Your assignment: Find the line containing "Panneau de commande" in the data below and repeat it, along with all later lines, exactly through the last one.

Dataset content:
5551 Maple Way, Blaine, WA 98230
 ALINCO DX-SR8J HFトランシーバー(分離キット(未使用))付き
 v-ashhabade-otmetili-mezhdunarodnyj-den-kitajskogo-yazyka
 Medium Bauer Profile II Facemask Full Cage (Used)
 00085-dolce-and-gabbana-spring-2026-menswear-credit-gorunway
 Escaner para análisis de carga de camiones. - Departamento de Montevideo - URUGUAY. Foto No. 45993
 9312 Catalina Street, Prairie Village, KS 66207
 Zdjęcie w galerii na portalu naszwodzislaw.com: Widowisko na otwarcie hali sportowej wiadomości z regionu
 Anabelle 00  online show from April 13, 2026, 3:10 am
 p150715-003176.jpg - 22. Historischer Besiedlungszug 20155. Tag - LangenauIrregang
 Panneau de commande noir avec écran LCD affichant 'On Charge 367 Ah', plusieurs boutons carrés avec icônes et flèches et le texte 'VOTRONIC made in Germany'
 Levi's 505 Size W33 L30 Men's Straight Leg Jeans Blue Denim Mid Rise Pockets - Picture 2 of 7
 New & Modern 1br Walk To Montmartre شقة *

Exercise response:
 Panneau de commande noir avec écran LCD affichant 'On Charge 367 Ah', plusieurs boutons carrés avec icônes et flèches et le texte 'VOTRONIC made in Germany'
 Levi's 505 Size W33 L30 Men's Straight Leg Jeans Blue Denim Mid Rise Pockets - Picture 2 of 7
 New & Modern 1br Walk To Montmartre شقة *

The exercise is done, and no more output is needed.